Hi,
I thought I'd update this blog with some actual AltSci Cell information. It's been over a month since my last post. But actually, I've only gotten a few days of work done on AltSci Cell, so it hasn't been very long.
Greetings,
You may be wondering why I am updating this site more regularly than other sites, such as Javantea's Fate. JF is no longer in production (it's been put aside for two projects that are more interesting to me). Since this is the second and thus most interesting applicable site, it is where I post my blog. It's a developer blog, similar to Making of Javantea's Fate. I stopped posting blogs at #378, posted on 2006-03-07. How far will this blog go? Hopefully I'll move onto another project before Spring, but I'll probably post a note or two here just for kicks (in the same sense that I plan to post blogs on JF now).
Greetings,
As of today, this site is totally upgraded. The features that it supports are:
- database backend for rapid updating
- membership
- file upload
- comments
- blog-style articles tab
- this blog
If you're just looking for my latest blog, find the yellow Articles tab, click the Blog with the latest date, and you'll probably find a link to my latest work. What is AltSci Cell about? If you got here through the domain cell-game.com, you probably know that I am writing a video game called Cell. This website will show pictures of it until it's completion, at which point it will have downloads available and it will allow you to purchase the game.
What type of game will Cell be?
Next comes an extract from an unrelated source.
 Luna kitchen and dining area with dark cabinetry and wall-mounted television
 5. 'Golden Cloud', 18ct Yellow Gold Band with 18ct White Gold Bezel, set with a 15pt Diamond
Cell is a game about the technology of communication and how we use it to define our reality. Even before I owned a cell phone, I wanted to write a satire on the high cost of cell phones. Now that I have a cell phone myself that costs $80-100 per month (don't ask me how), the satire hits home. While satire is still a motivation for Cell, it's not the main motivation. Now that I understand the idea of cell phones, I am much better equipped to ask and perhaps to answer the question "Why do we really need a cell phone?" Don't expect me to lecture you on your bill.
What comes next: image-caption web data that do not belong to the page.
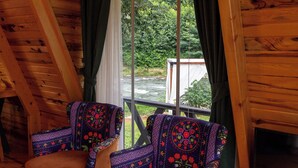 A wooden cabin with two patterned chairs by a window overlooking a river. - Yeşil Düş Bungalov (Findikli)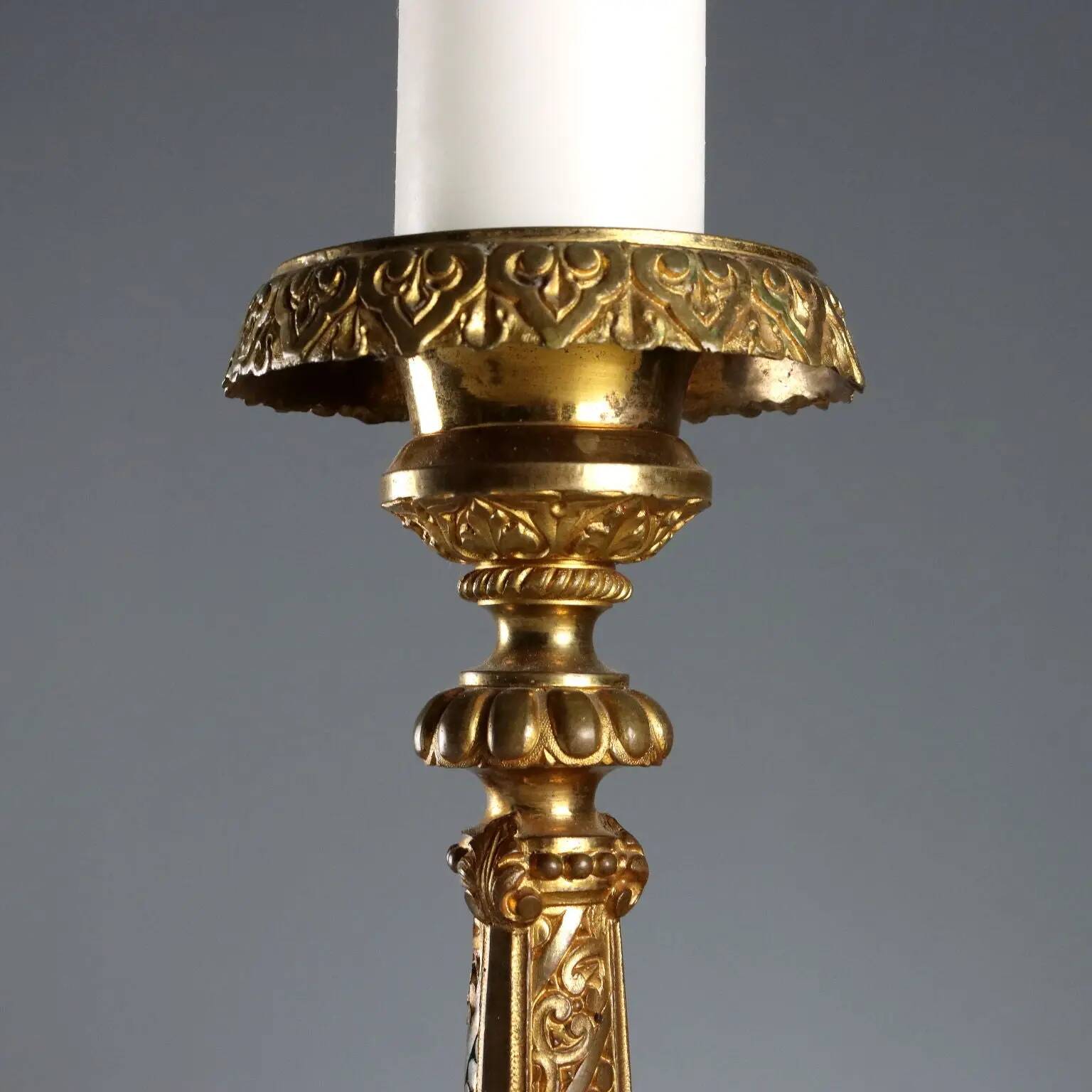 Antique gilded bronze candelabrum, 19th-century decorations.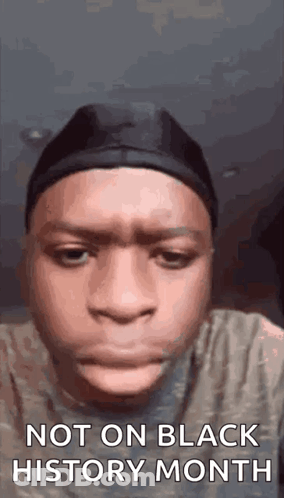 Young Man Making Funny Face With Hat And Headband GIF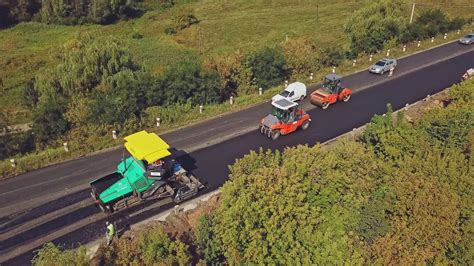 Aerial view. Laying a new asphalt on the road. Construction of the road ...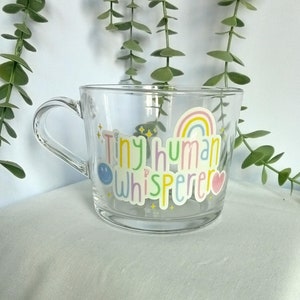 May include: A clear glass mug with a rainbow and the text "Tiny human whisperer" in colourful letters. The mug has a smiley face and a heart on either side of the text.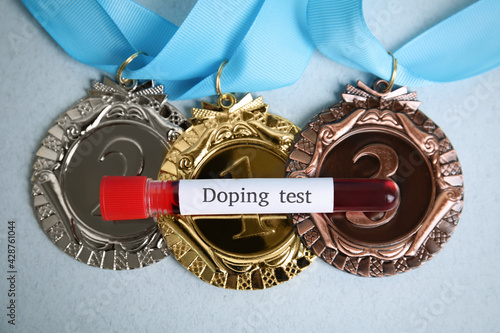 Medals and tube of blood with words Doping test on light blue background, flat lay photo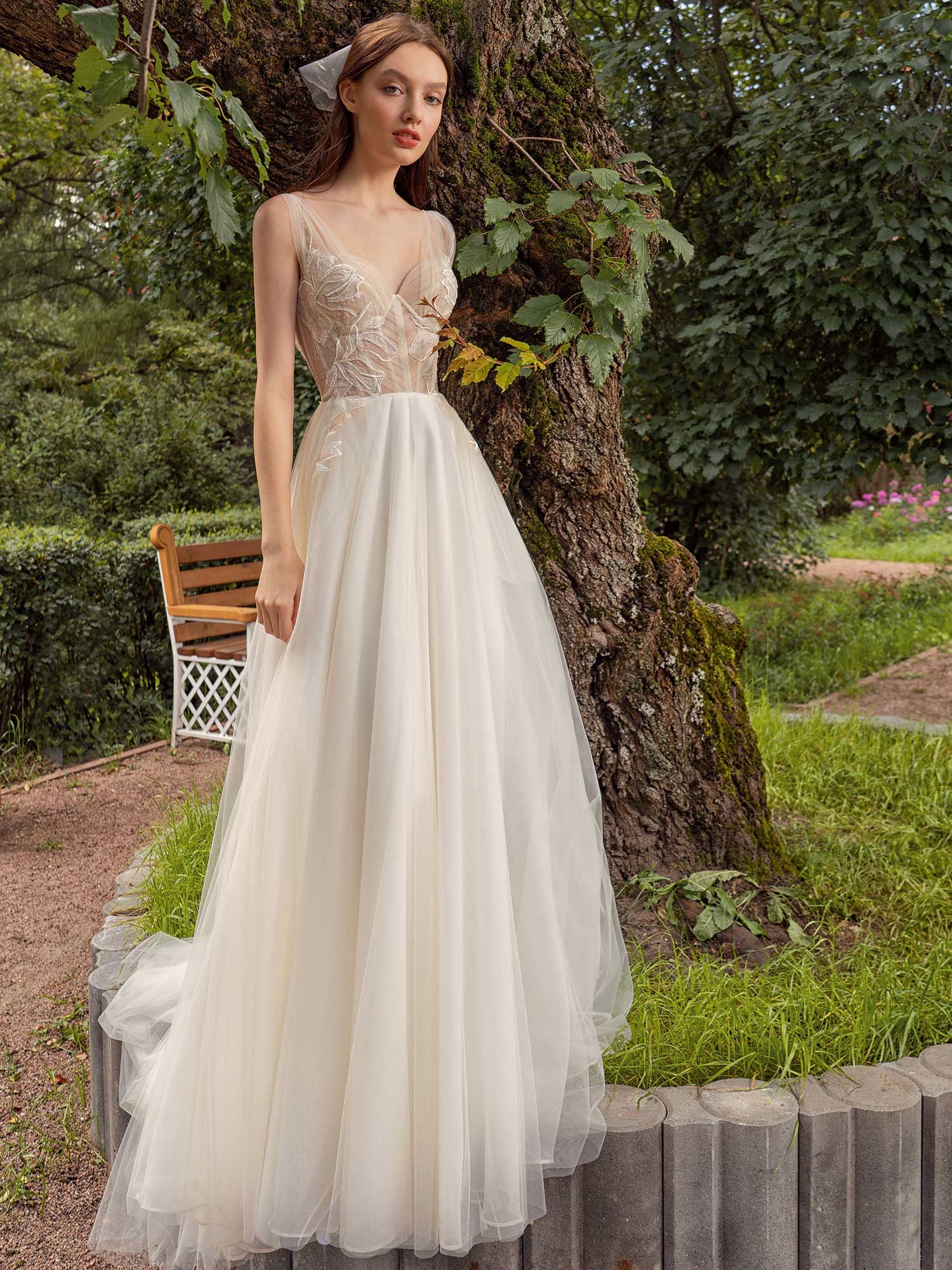 Wedding dress with bustier bodice and floral embroidery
More specifically, Cell will have a semi-traditional gameplay based on the love sim genre with a bit of American style mystery and plenty of philosophy. I'm going to try my best to script as little as possible in AltSci Cell (opposed to Hack Mars, which will have over hundred scripted sequences) so that the player is the engine through which the plot is explained. People seem to like controlling their own destiny and video games give them a very weird (read: unique) way to express it.